Contrarian: The Blind Spots the Narrative Ignores
The gold rush narrative assumes that nuclear is the only baseload solution. But two competing technologies are advancing rapidly. Hydrogen-capable gas turbines (GE’s 7F series can already burn a 30% hydrogen blend, with 100% on the roadmap) offer a dispatchable, lower-carbon alternative without the 10-year construction horizon. Long-duration energy storage — specifically iron-air batteries from Form Energy, targeting $20/MWh — could allow solar-plus-storage to cover multi-day gaps, eroding nuclear’s baseload value proposition.
Then there is the water problem. Both nuclear reactors and data centers are water-intensive. A typical 1 GW nuclear plant uses 30–60 million liters of cooling water per day. A hyperscale data center can use 1–5 million liters daily. In drought-prone regions like the American Southwest, competing for water with agriculture and municipalities creates a permitting nightmare that few investors have modeled.

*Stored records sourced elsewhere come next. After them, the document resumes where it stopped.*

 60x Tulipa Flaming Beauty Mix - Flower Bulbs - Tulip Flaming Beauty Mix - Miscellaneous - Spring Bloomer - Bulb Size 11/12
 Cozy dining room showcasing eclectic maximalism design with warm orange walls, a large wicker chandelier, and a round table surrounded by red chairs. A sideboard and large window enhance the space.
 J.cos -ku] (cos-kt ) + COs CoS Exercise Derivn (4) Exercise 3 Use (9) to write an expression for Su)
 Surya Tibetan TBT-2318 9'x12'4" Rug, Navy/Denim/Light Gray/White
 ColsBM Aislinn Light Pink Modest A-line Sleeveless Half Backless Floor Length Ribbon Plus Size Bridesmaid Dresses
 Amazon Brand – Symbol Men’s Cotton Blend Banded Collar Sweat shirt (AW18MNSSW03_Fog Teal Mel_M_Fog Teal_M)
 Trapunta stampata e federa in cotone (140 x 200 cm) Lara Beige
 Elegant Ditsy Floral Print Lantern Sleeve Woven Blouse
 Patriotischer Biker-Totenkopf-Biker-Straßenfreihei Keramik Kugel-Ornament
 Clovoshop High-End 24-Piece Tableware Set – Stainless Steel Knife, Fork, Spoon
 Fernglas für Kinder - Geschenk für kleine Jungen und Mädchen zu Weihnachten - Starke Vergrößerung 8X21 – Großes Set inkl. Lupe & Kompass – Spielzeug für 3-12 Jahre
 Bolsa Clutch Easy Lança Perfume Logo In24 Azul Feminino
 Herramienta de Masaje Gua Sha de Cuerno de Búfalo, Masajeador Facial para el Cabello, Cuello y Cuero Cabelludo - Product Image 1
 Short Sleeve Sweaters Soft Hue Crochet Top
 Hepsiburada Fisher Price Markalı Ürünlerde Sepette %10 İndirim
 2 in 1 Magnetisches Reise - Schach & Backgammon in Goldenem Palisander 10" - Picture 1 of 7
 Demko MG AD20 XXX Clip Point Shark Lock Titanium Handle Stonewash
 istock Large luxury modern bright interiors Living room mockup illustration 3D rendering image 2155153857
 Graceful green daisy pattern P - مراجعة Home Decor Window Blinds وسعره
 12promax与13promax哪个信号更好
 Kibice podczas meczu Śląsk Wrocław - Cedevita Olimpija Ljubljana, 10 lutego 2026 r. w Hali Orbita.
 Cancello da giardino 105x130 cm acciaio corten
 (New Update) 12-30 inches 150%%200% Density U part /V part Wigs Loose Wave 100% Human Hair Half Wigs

The biggest blind spot, however, is the assumption that AI power demand grows linearly forever. Historically, each generation of AI chips has delivered dramatic efficiency gains. NVIDIA’s next-generation Blackwell architecture claims a 25x improvement in energy efficiency for inference workloads per dollar. If chip-level efficiency outpaces load growth — and it has for most of computing history — the projected electricity demand surge may peak earlier than expected, deflating the urgency to build costly new nuclear capacity. Governance is just code with a social layer — but here the governance of energy planning is just a social layer over hardware physics, and the hardware is improving faster than the reactors.
Takeaway: A Long-Dated Option, Not a Gold Rush
Silicon Valley’s nuclear investments are best understood as long-dated call options on regulatory reform, cost reduction, and sustained AI growth. The probability of hitting strike price — actual commercial power delivery before 2030 — is low. Investors who treat these as near-term energy solutions will be disappointed.
The real signal to watch is not another startup funding round, but the first SMR to receive a Combined Operating License from the NRC and begin construction without cost overrun. Until then, the gold rush remains a narrative with fragile optics. Optics are fragile; state transitions are absolute. When the next project cancellation hits, the capital flow will pivot as fast as it arrived.